This paper proposes a simple, practical, and effective approach to prepare high-performance GO/SPI composite films through a dissolved method. In this method, the pre-synthesized SPI (uniform crosslinking density) is first dissolved in an organic solvent; the GO sheets are then homogeneously dispersed in the SPI solution because of their high affinity with the solvent. Consequently, the GO/dissolved SPI (R-SPI) solution exhibits excellent dispersion of the GO sheets, and the organic solvent can be conveniently removed through vacuum at a low temperature (approximately 100 °C) to fabricate GO/R-SPI composite films (as shown in Fig. 1).

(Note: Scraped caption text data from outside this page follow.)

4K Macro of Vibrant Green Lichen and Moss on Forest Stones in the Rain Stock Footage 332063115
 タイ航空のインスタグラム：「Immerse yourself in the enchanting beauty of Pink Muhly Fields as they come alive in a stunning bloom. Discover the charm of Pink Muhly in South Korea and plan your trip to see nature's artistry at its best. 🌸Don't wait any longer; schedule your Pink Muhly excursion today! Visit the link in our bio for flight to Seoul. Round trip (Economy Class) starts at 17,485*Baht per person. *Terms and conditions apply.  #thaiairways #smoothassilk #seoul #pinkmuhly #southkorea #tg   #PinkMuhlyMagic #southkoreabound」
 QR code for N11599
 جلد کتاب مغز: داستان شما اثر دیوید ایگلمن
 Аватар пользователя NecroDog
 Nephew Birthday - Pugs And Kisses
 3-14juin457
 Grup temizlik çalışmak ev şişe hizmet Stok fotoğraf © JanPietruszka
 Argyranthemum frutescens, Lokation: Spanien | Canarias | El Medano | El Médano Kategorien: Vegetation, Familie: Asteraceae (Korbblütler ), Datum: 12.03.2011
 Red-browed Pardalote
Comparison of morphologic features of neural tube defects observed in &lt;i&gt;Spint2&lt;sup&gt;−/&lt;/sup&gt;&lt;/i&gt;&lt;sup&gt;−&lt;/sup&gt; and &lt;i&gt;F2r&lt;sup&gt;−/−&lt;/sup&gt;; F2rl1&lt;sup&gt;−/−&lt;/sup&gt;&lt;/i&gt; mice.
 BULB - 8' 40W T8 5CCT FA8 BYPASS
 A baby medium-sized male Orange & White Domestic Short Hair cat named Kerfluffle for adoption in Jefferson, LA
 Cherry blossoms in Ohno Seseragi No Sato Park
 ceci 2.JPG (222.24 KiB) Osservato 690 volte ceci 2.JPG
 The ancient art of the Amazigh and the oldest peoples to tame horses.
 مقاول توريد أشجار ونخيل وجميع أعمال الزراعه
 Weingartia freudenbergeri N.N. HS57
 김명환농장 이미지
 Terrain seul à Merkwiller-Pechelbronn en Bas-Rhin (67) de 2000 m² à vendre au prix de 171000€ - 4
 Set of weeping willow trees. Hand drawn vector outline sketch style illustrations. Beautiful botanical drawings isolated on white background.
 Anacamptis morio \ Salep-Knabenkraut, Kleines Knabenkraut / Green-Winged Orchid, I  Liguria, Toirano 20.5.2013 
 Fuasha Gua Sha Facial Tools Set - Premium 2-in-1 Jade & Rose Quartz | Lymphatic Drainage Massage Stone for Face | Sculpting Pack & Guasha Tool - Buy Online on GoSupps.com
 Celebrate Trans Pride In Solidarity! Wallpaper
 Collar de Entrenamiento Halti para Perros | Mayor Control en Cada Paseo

Compared with the GO/SPI composite films prepared using the conventional solution-blending method, the GO/R-SPI films exhibited a considerable improvement in mechanical and dielectric properties for a given GO content, indicating that dispersed GO in a polymeric matrix without the steric hindrance of the GO sheets restraining the crosslinking reactions of the host polymer. Furthermore, this study also demonstrated that the D_k values of the GO/R-SPI films exhibited a substantial decrease to just 2.1, suggesting that this approach provides a promising path for developing high-performance GO/SPI composite materials as next-generation low-k dielectric materials.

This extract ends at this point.